The MJF must be laughing all the way to the vote bank, at the expense of the Maoists and every other tarai group.
If this is the dynamic in the madhes, what is the country to do? Anyone who has followed tarai politics in recent months will know that madhesi-pahadi violence there was waiting to erupt. Yesterday it was Nepalgunj. Today it is Lahan. Tomorrow it could be the dozens of other towns and villages that dot the tarai landscape. Ethnic politics is here to stay, and we cannot be blind to it.
But we have been blind to it, especially the pahadi dominated mainstream parties and civil society. Their belief that the constituent assembly election will resolve all problems has been shattered by this violence.
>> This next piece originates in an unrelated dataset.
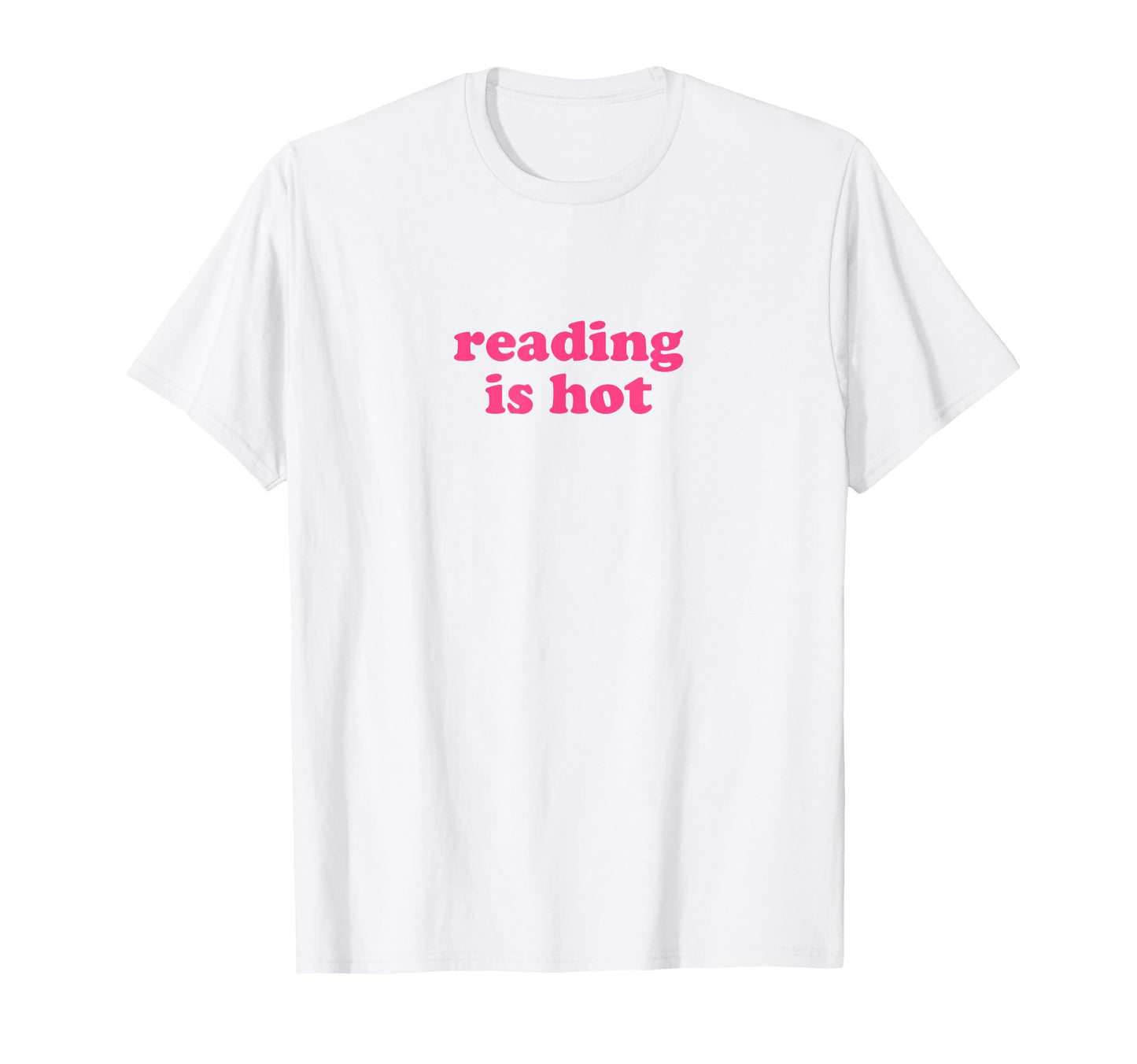 Reading Is Hot Y2K Aesthetic T-Shirt - Casual Everyday Wear Men Women - T-Shirt, Sweatshirt, Hoodie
They failed to see that the assembly was the problem, not the solution that they hoped it would be.
The eight political parties who run Nepal today probably don't realise it, but their peace process (the Comprehensive Peace Accord, interim constitution, constituent assembly, etc.) is seen by almost everyone as an eight-party process. It is perceived as exclusionary and elitist, and reinforcing a pahadi ethos-this view is particularly strong among madhesis and janajatis.
Correct this view, now. It must start with a public acceptance by the eight parties that the peace process is flawed, that they have not acknowledged-let alone resolved-the grievances of the many communities struggling to be heard. They should lead a national conversation with all marginalised groups. That process must be rounded up by amendments to the interim constitution that at least provides for fair representation in the coming assembly.
I am sure there are plenty of moderate madhesis willing to give the parties a chance if the parties accept their mistake.